There were 102 households, out of which 32.4% had children under the age of 18 living with them, 52.0% were married couples living together, 7.8% had a female householder with no husband present, and 39.2% were non-families. 34.3% of all households were made up of individuals, and 14.7% had someone living alone who was 65 years of age or older. The average household size was 2.38 and the average family size was 3.11.
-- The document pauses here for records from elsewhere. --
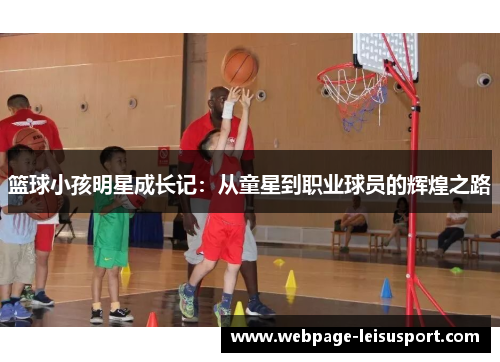 篮球小孩明星成长记:从童星到职业球员的辉煌之路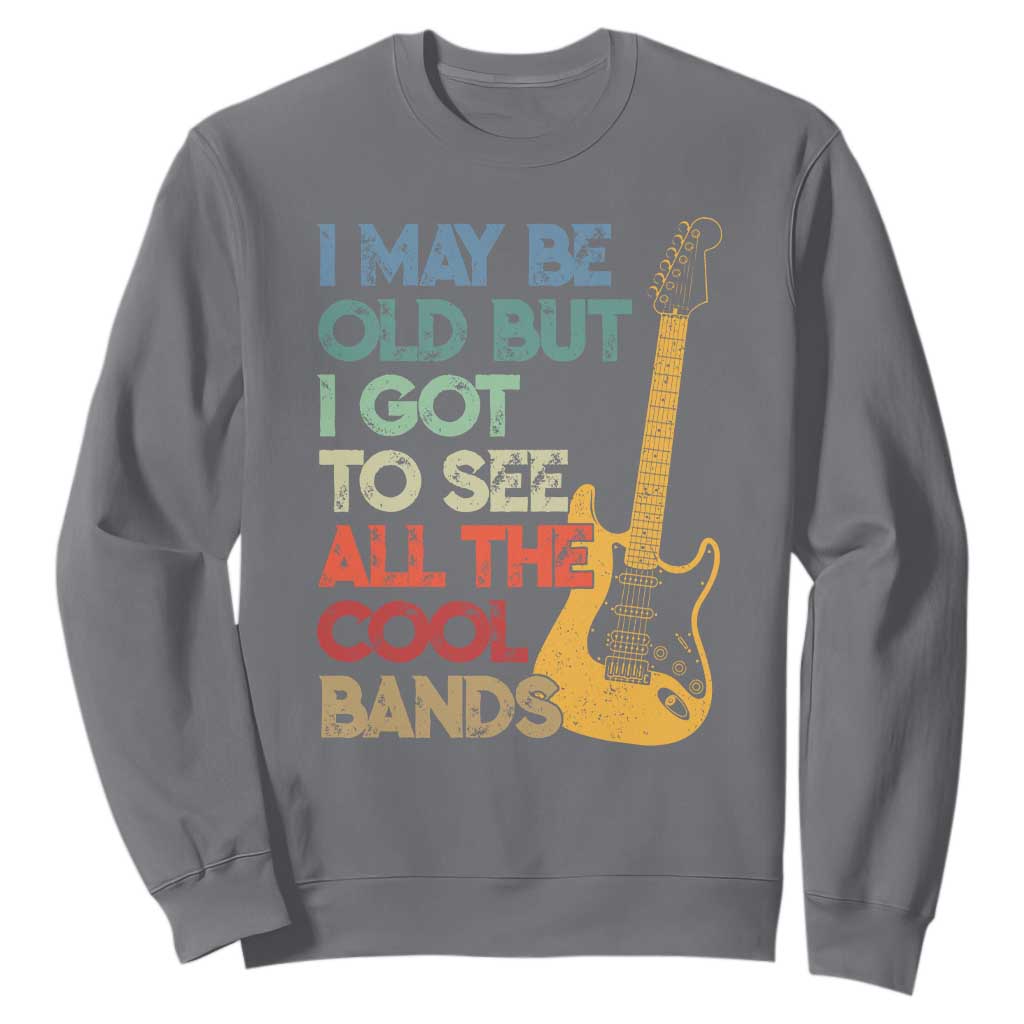 Funny I May Be Old But I Got To See All The Cool Bands Sweatshirt TS11 Charcoal Print Your Wear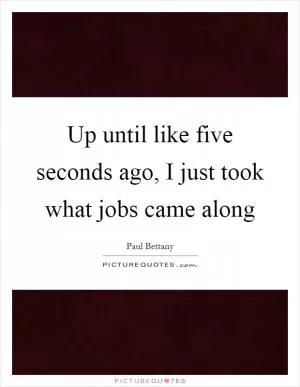 Up until like five seconds ago, I just took what jobs came along Picture Quote #1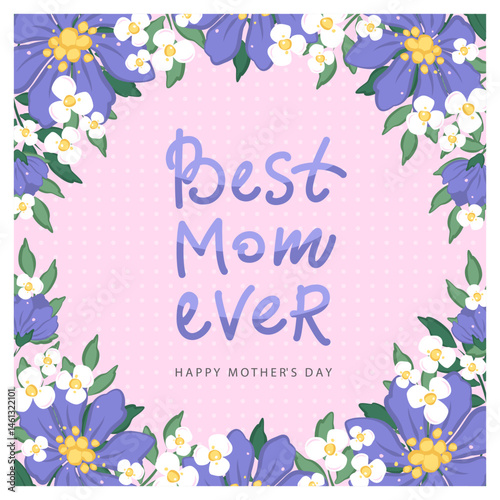 Happy Mother's Day card. Spring summer floral design. For the best mom inscription. Vector illustration for banner, poster, label, template or cover with flowers frame.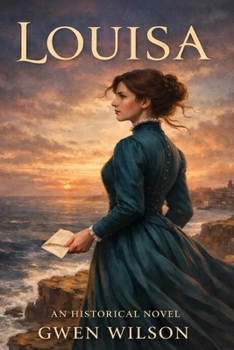 Paperback Louisa: a Historical Novel Book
In the village, the population was spread out, with 28.4% under the age of 18, 7.0% from 18 to 24, 27.6% from 25 to 44, 20.2% from 45 to 64, and 16.9% who were 65 years of age or older. The median age was 36 years. For every 100 females, there were 99.2 males. For every 100 females age 18 and over, there were 109.6 males.

As of 2000 the median income for a household in the village was $28,750, and the median income for a family was $35,000. Males had a median income of $23,854 versus $18,194 for females. The per capita income for the village was $14,993. About 10.6% of families and 16.7% of the population were below the poverty line, including 25.5% of those under the age of eighteen and 21.6% of those 65 or over.

==Notable person==
- Grover Cleveland Alexander - Major League Baseball pitcher, inducted into the Baseball Hall of Fame in 1938.